Open inguinal method of making an incision through the skin covering the bulge of the hernia to repair it
Synthetic mesh is used to repair the weak part through the abdominal incision.
The hernia is repaired from outside the body.
Laparoscopic repair by making small incisions at some distance from the hernia
Three small incisions are made in the abdominal wall, and special surgical instruments are inserted through these openings to do the repair.
Special surgical instruments are inserted through the openings and a synthetic mesh patch is used to repair the defect.
The hernia is repaired from inside the body.
Which method of repair is better?
The best procedure for every patient depends on the patient’s general physical condition and the past medical history, and differs for every case.

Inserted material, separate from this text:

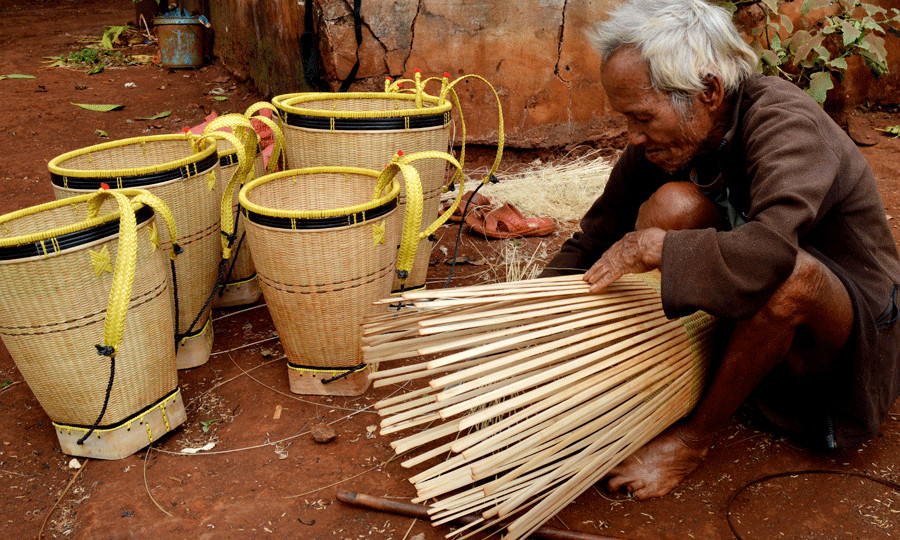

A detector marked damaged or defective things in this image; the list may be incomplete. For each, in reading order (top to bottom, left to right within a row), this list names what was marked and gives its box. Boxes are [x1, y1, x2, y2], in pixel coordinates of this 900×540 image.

Hernia specialists will determine the best treatment based on every patient’s individual situation.
Please see P75 “Adults - Treatment of Special Patients – Women (Including pregnant patients)” of the 2015 Inguinal Hernia Treatment Guideline of the Japan Hernia Society, for the general treatment methods available.
In Japan there is not an official certification system for hernia repair techniques, but certification is available for laparoscopic hernia repair, and of the only 66 surgeons who have received certification as of July 2017, two are performing laparoscopic hernia repair procedures at this center on a full-time basis.